I suspect some of the errors of the first edition have been corrected in this later one, and it does end with a new chapter that looks at later twentieth-century children's fantasy written by British authors, although there is a still a reference in the body of the book to the Winnie-the-Pooh stories by A. A. Milne being the last of the British children's fantasy books which I, as a reader of Lewis and Tolkien, found bizarre.

Wullschlager's connection between the Victorian and Edwardian worship of the child, the psycho-sexual development of the authors, and the books themselves, is interesting, and she doesn't make the mistake of reading paedophilia back into Carrol and Barrie's relationships with children. (Ruskin, on the other hand, seems much less innocent to me.) During the Freudian years of the twentieth century, when everything was about sex, there would have been no escape from such a reading; post-Freud we can acknowledge the possibility of asexuality, which seems to have been what Carrol and Barrie were.

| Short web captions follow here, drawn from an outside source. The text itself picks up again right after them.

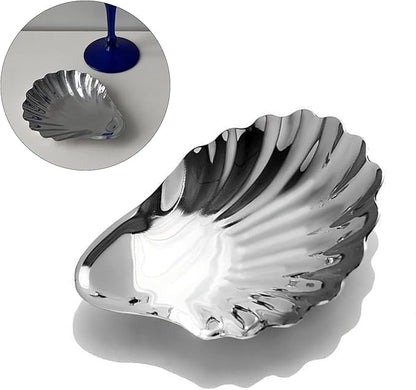 Stainless Steel Shell Shape Snacks Tray Jewelry Plate for Elegant Serving and Compacts Storage Kitchen Dining Tableware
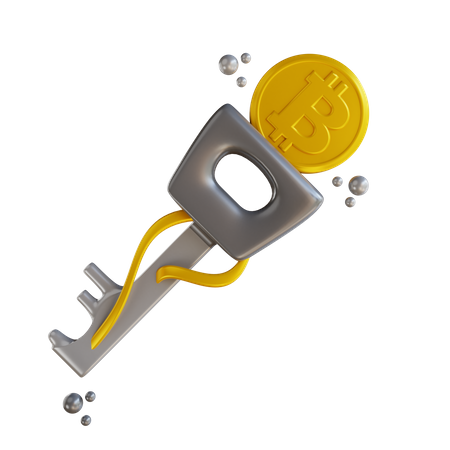 Bitcoin Key  3D Icon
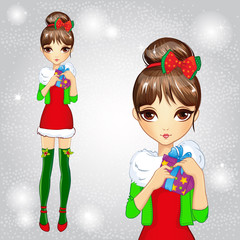 Fashion Girl Dressed As Santa Claus Holding Gift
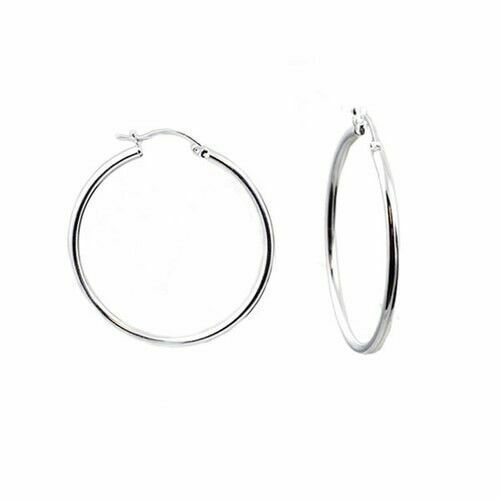 Picture 1 of 4 Have one to sell? Sell now Womens 925 Sterling Silver Elegant S Shaped Large Silver Hoop Earrings - 35MM 3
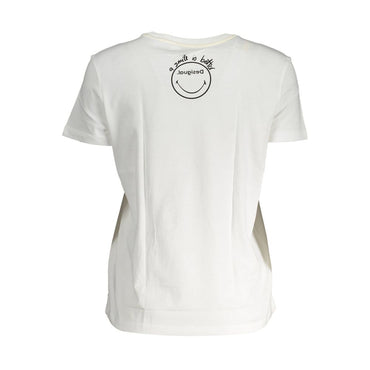 Desigual White Cotton T-Shirt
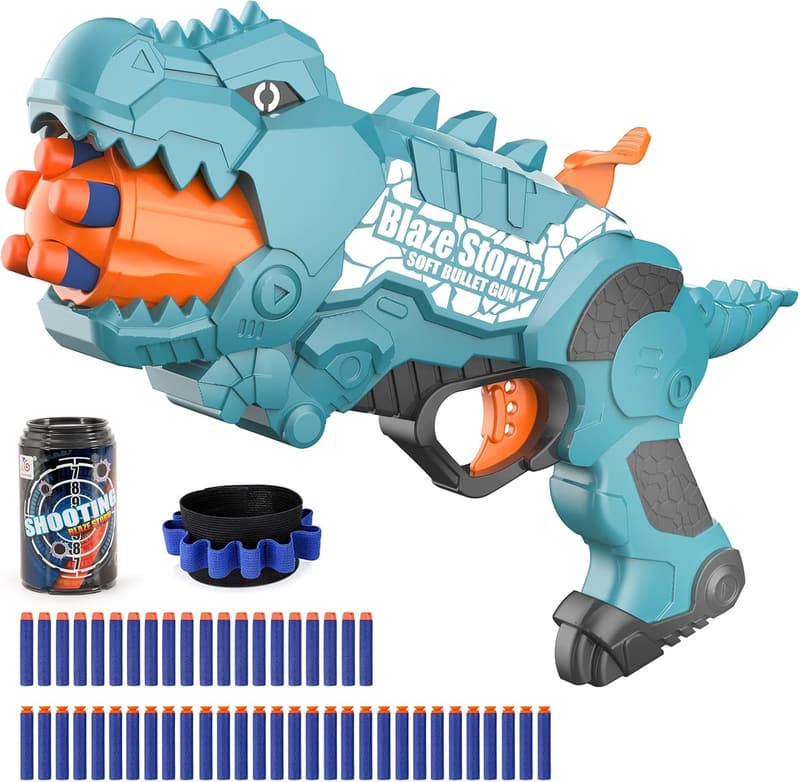 Dinosaur Foam Blaster Toy with 50 Bullets for Kids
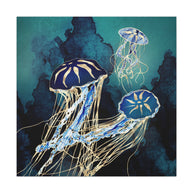 Metallic Jellyfish III Matte Canvas, Stretched, No Frame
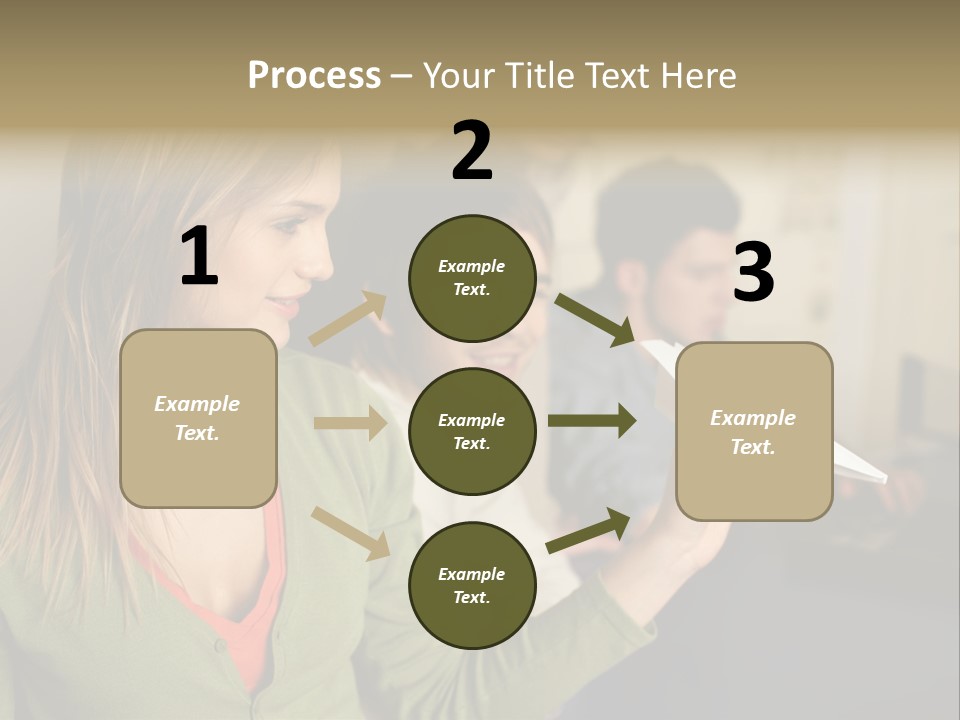 Men Watching Woman With Paper Aeroplane PowerPoint Template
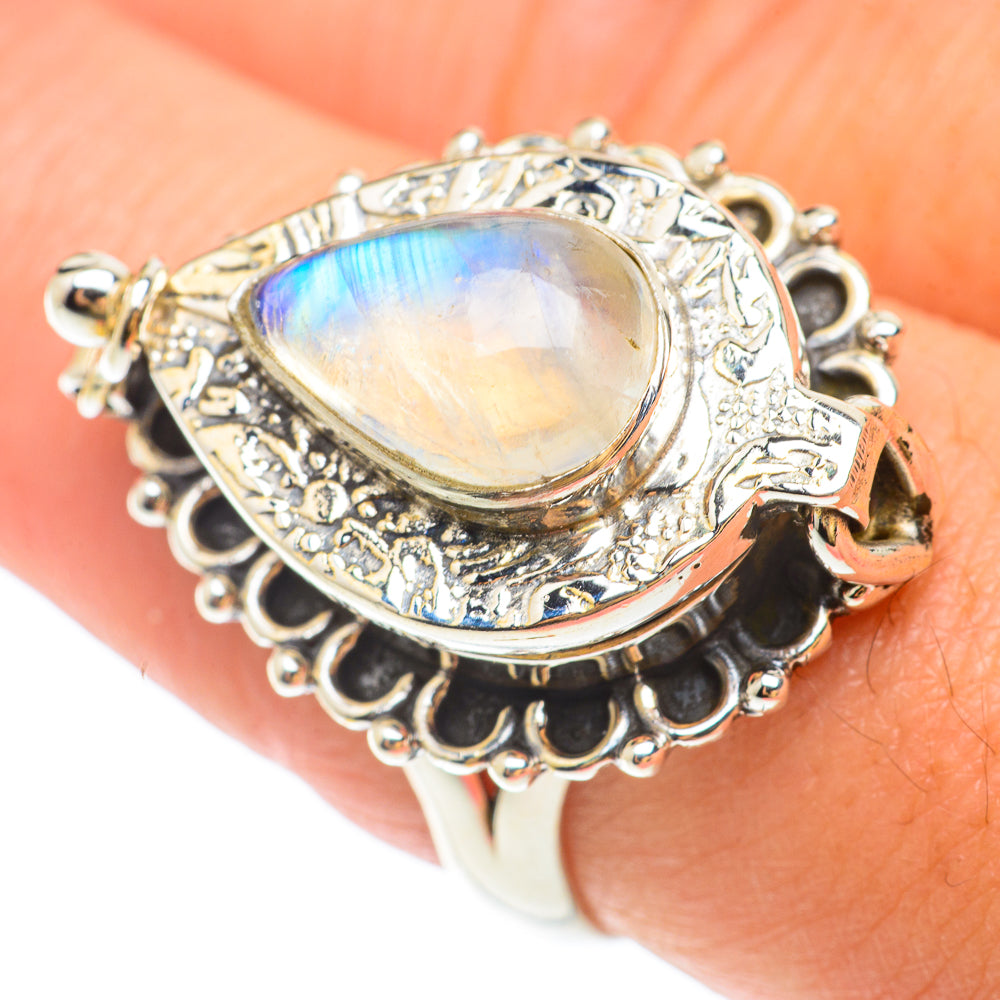 Rainbow Moonstone Rings handcrafted by Ana Silver Co - RING65478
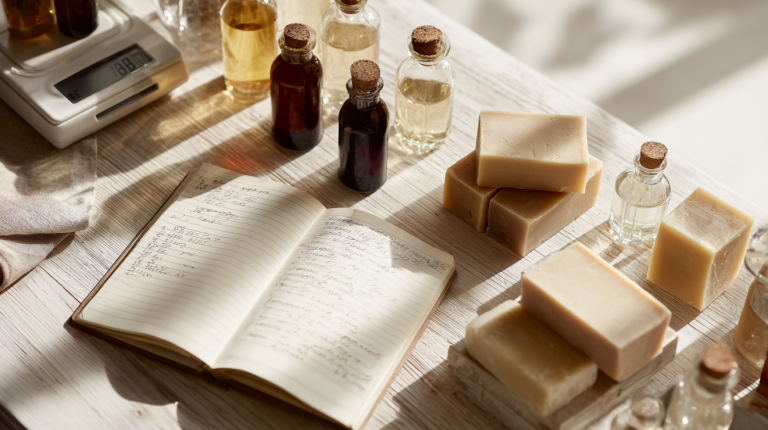 Soap making oils and recipe notebook on a modern craft table for cold process soap formulation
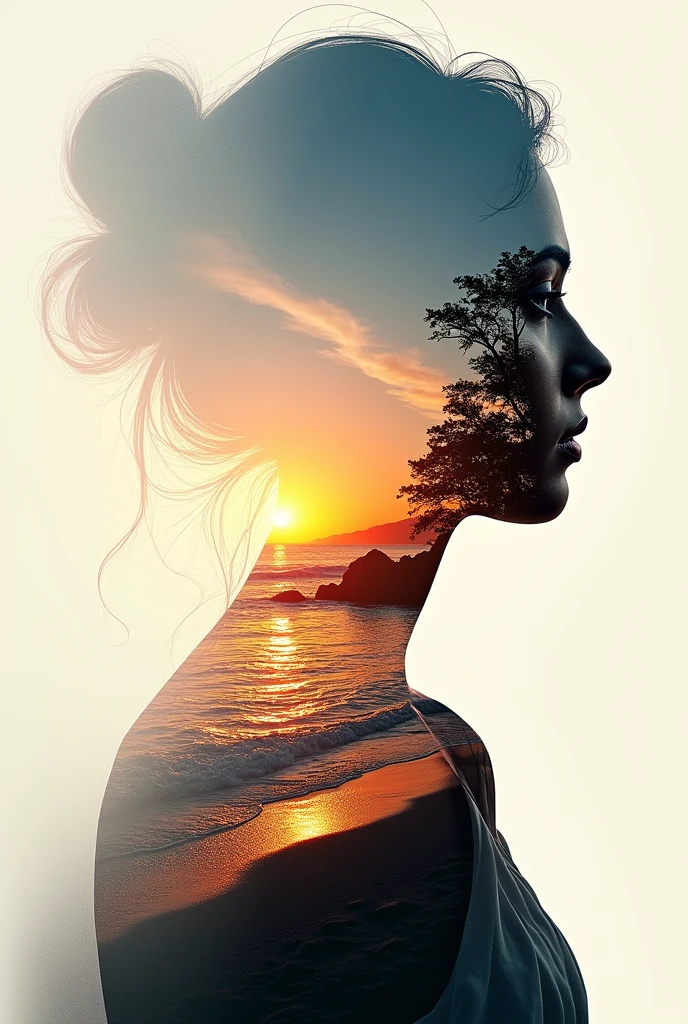 high quality, 8K Ultra HD, A beautiful double exposure that combines an goddess silhouette with sunset coast, sunset coast should serve as the underlying backdrop, with its details incorporated into the goddess , crisp lines, The background is monochrome, sharp focus, double exposure, by yukisakura, awesome full color,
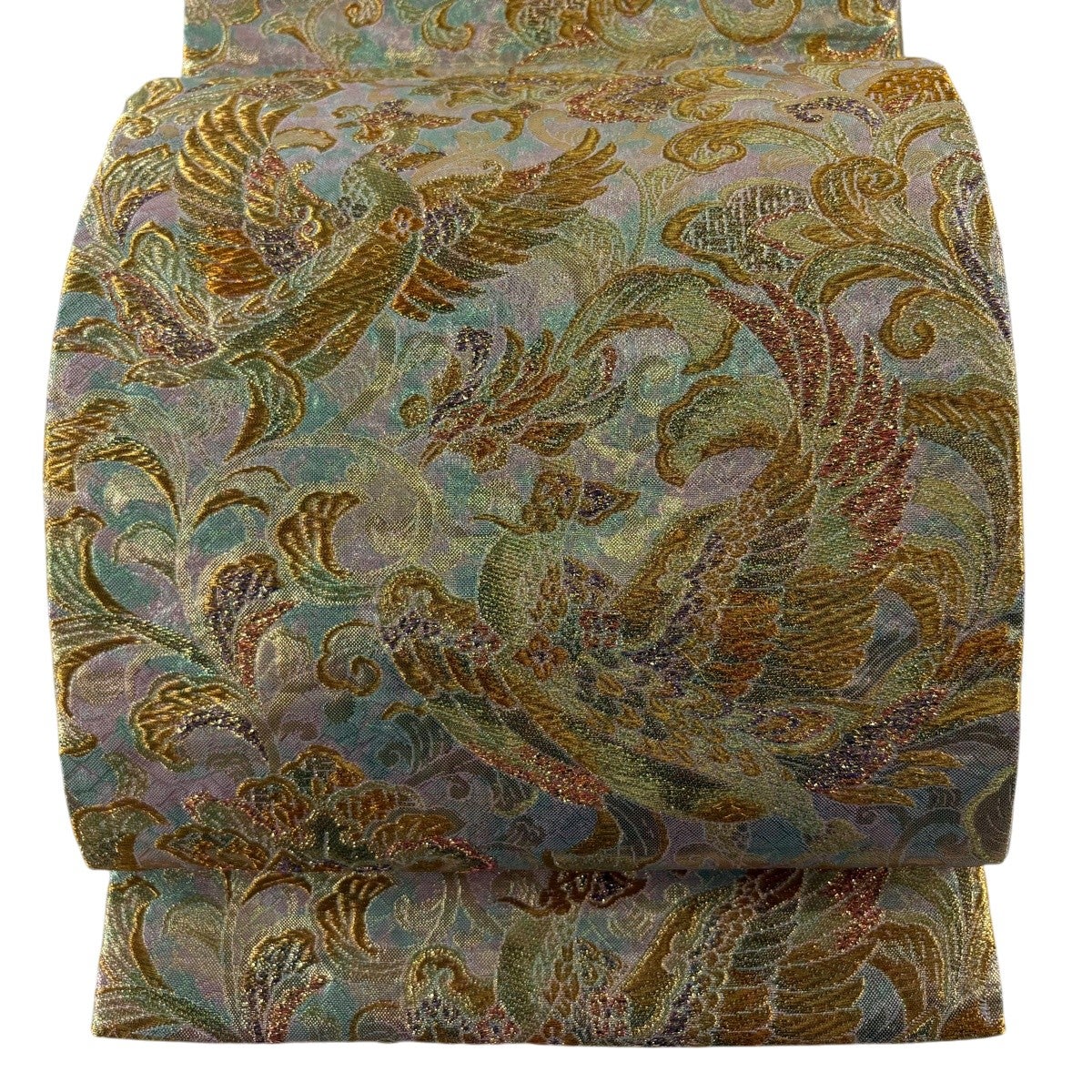 袋帯 秀品 鳳凰 花唐草 金糸 唐織 金色 六通 正絹｜中古・古着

The trouble is that having made the link between history, psycho-sexual development and writing fantasy for children, Wullschlager can't explain why fantasy has remained such a dominant mode in British fiction and the last chapter is confused. What makes sense for the five men (four and a half because Milne doesn't quite fit?) doesn't seem to make sense for later authors. Other books need to be written to explain this, and some of them have been written, looking at the impact of WW1 on writers like Lewis and Tolkien, for instance.

But, all up, I enjoyed this and it gave me new information about Lear, at least, if not much about the other authors.